Ma i connotati più interni al poemetto del C. - che si affianca ad opere contemporanee quali il De Bello Nordico di Riccardo Bartolini (1515)oil De Bello Sircambico di Girolamo Falletti (1542) - indicano come ogni ascendenza resti comunque epidermica. In mancanza di una qualsiasi prospettiva interpretativa, neppure encomiastica, i fatti vengono allineati dal poeta novarese entro una struttura narrativa schematica, sostenuta da un discorso prevalentemente paratattico e inesorabilmente simmetrico, adatto dunque a ridurre il filo delle vicende storiche nelle vesti di un canovaccio da utilizzare più o meno felicemente. Dove l'utilizzazione consiste tutta nella capacità di adattare ai vari luoghi comuni di una guerra descritta il bagaglio illustrativo inesauribile offerto dal canone classico; così che i tratti distintivi propri del C. vanno ricercati nei margini di una ridondanza, di una più frequente insistenza su certi luoghi e su certi espedienti.
La narrazione ha il suo centro nelle campagne militari di Francesco, re di Francia, in Lombardia (1515-16) - la ricostruzione dei precedenti sino alle nozze tra Valentina Visconti e Luigi d'Orléans (1387) è mera genealogia - e si avvale, risolvendovisi, di una serie prevedibile di strumenti descrittivi: dal gusto automatico della similitudine mitologica e mimetica (la,corte riunita presso Francesco I corrisponde all'omerico concilio degli dei; l'abusato parallelo tra la furia dei combattenti e l'ira del cinghiale braccato; l'alata personificazione della fama) alle decorative sfilate dei più illustri guerrieri. Non resta che la ridondanza suaccennata: ed essa è tutta nell'amplificazione dei caratteri di terribilità cruenta della guerra (nei primi otto versi il termine "sangue" colora, iterandosi, il quadro); nella registrazione retorica della immanità del furore e dello sconvolgimento ("cum primum Italicis sonuit Mars horridus oris") in primo luogo nella sua terra novarese, puntualmente ricordata, in corrispondenza quindi di una precisa emergenza autobiografica.

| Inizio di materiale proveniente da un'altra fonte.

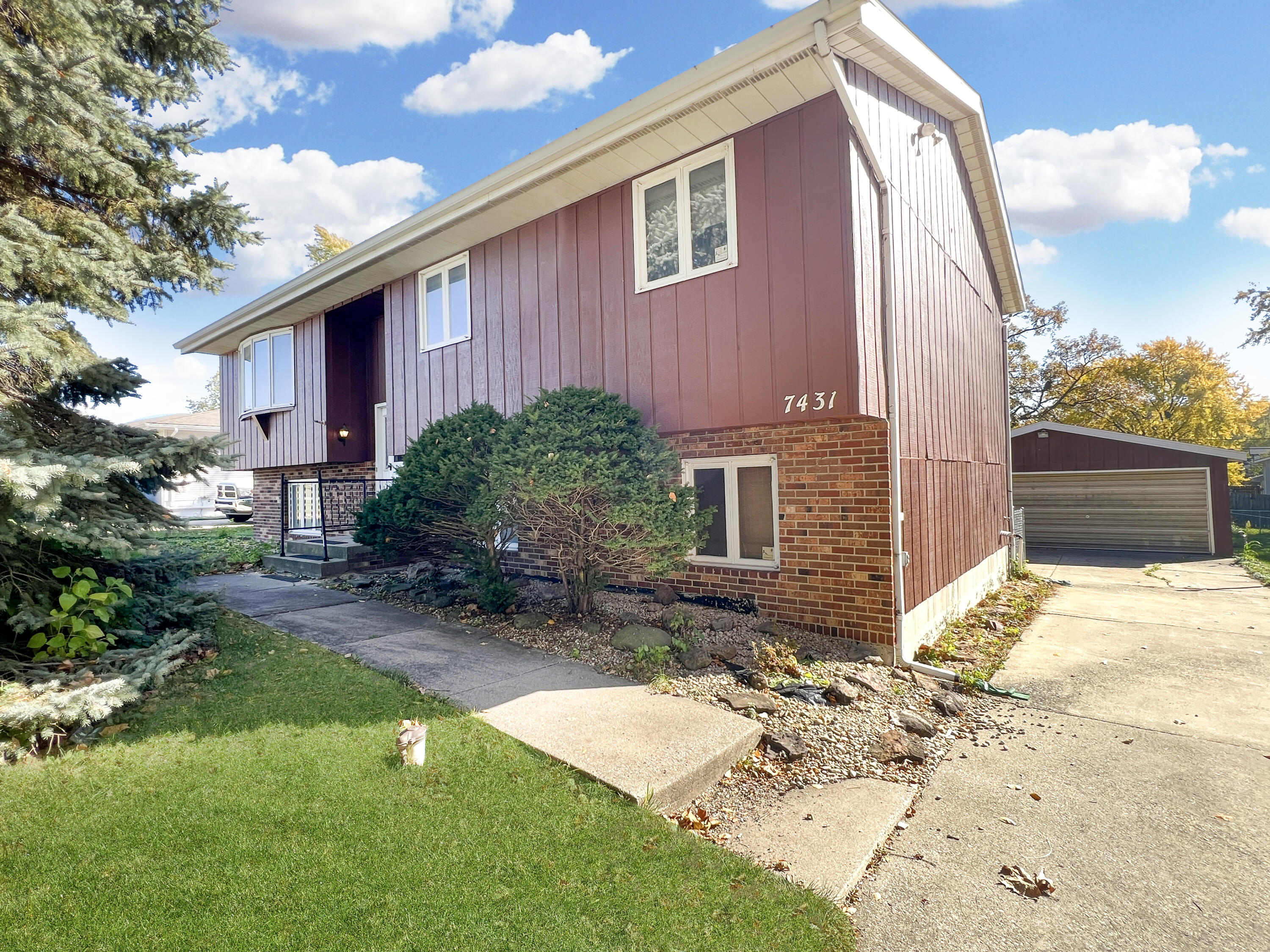 7431 West 83rd Lane Crown Point, IN 46307 - Photo 2 of 13 a backyard of a house with yard and outdoor seating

Appunto per sfuggire a eventi bellici posteriori il C. si trovava a Borgo Lavezaro, quando venne a morte nel luglio dell'anno 1527.
Il suo poemetto si legge nel vol. X delle Miscellanea di L. A. Cotta, Milano 1700, il quale fa riferimento generico a materiali manoscritti esistenti presso la Biblioteca Blanchiniana di Novara.
Fonti e Bibl.: A. Assaraco Saracco, Trivultiades, Milano 1516, p. 25; L. A. Cotta, Museo novarese, Milano1701, pp. 103 s.; G. Vinay, L'umanesimo subalpino nel sec. XV, Torino 1835, p. 228; T. Vallauri, Storia della poesia in Piemonte, Torino 1841, pp. 64.